------ Entries provided
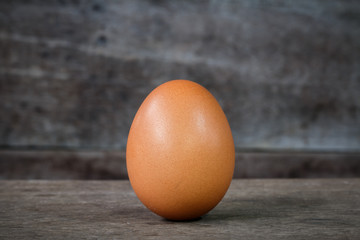 Single brown chicken egg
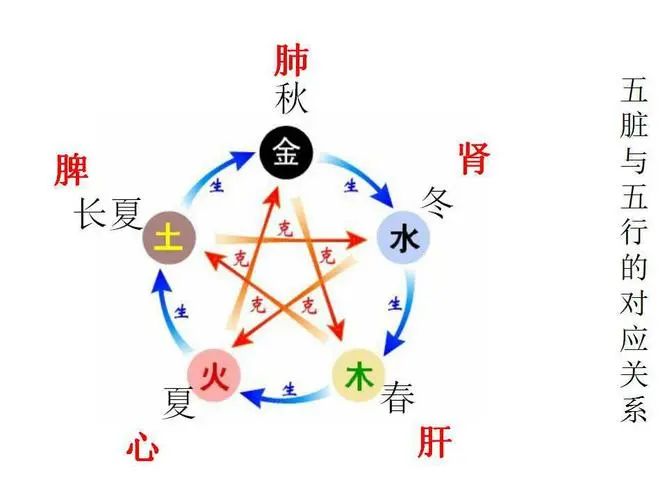 The Five Elements: Human Follows Earth, Earth Follows Heaven, Heaven Follows Dao, Dao Follows Nature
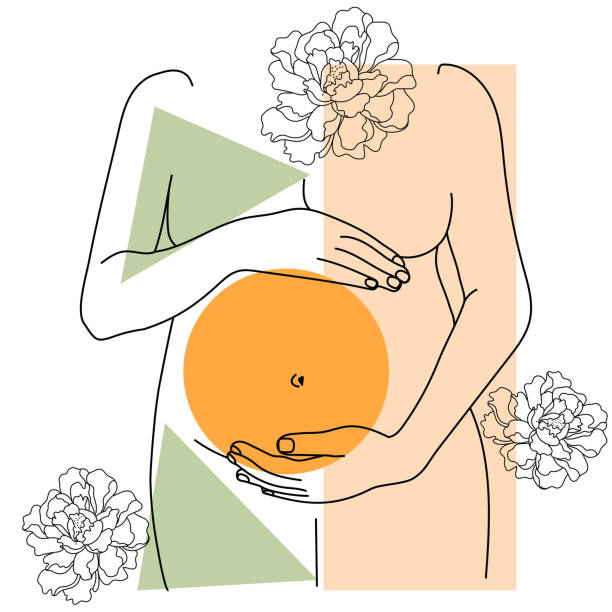 임신 한 배꼽 윤곽선 - baby beauty beautiful the human body stock illustrations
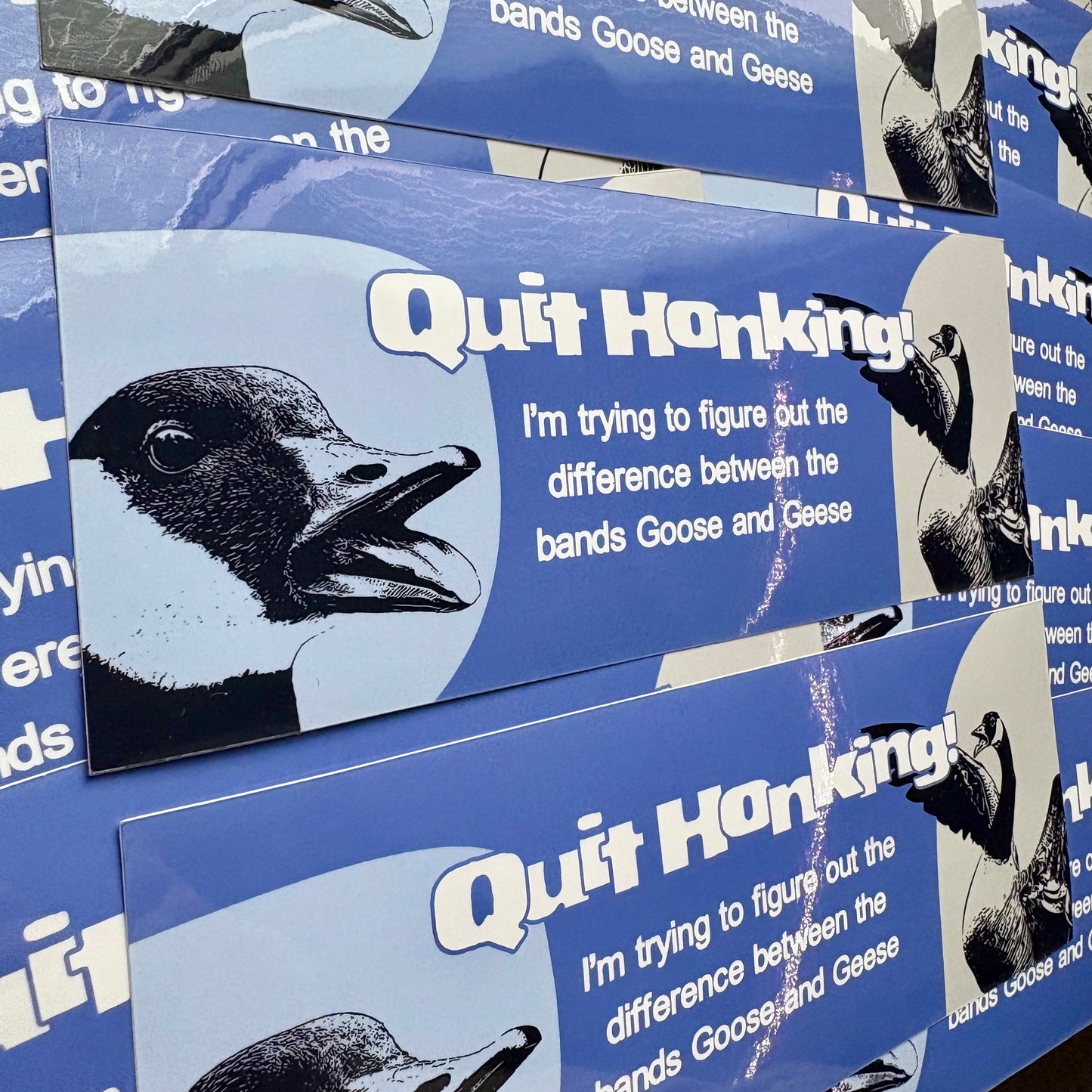 Goose or Geese? (Bumper Sticker)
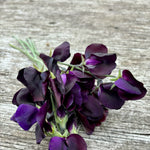 Load image into Gallery viewer, Sweet Pea, &#39;Almost Black&#39;
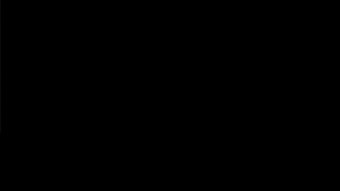 의 이미지 0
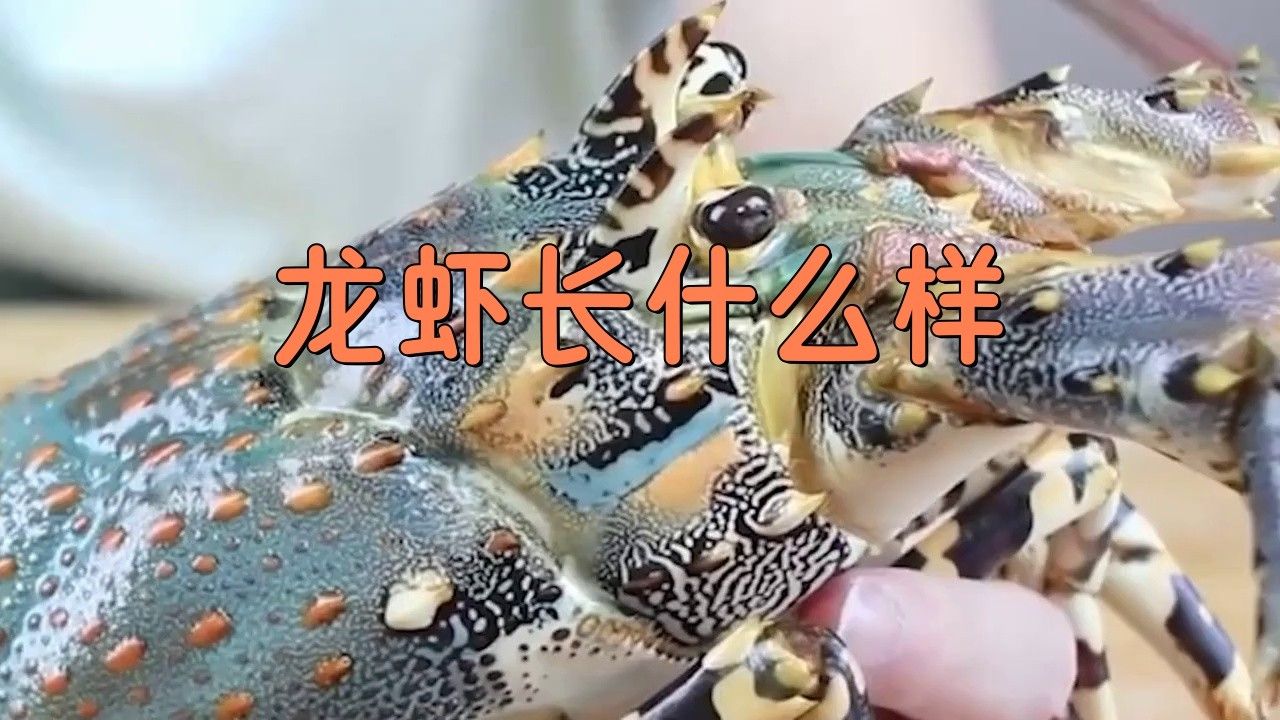 哪里可以找到高清的龍蝦圖片？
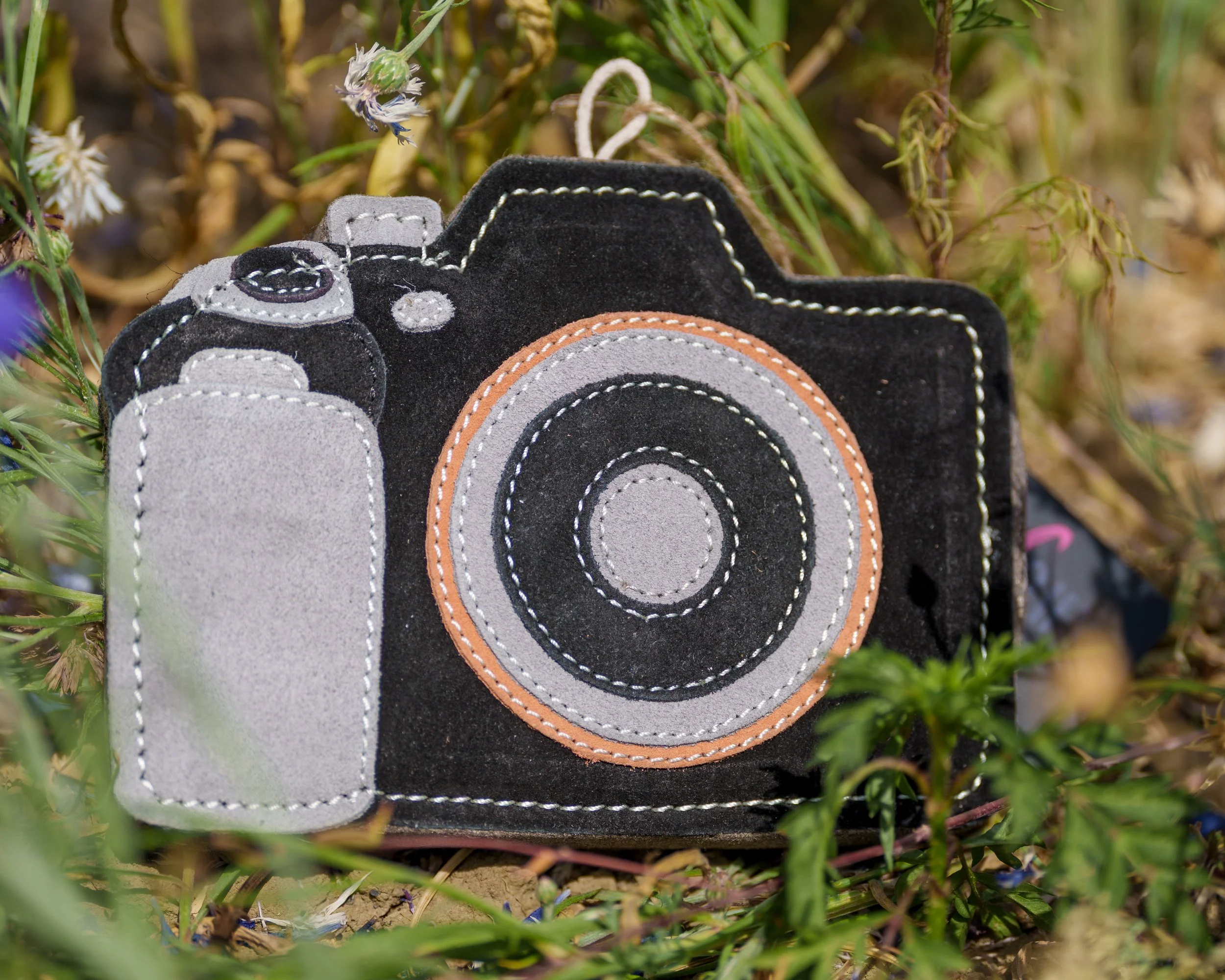 Camera Eco Dog Toy (1).JPG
------------
**Problem to work on**
All that is needed is an exact copy of the lines from the line with "The Five Elements: Human" through the end of the listing, both ends included, with no pictures.

**Final answer**
 The Five Elements: Human Follows Earth, Earth Follows Heaven, Heaven Follows Dao, Dao Follows Nature
 임신 한 배꼽 윤곽선 - baby beauty beautiful the human body stock illustrations
 Goose or Geese? (Bumper Sticker)
 Load image into Gallery viewer, Sweet Pea, &#39;Almost Black&#39;
 의 이미지 0
 哪里可以找到高清的龍蝦圖片？
 Camera Eco Dog Toy (1).JPG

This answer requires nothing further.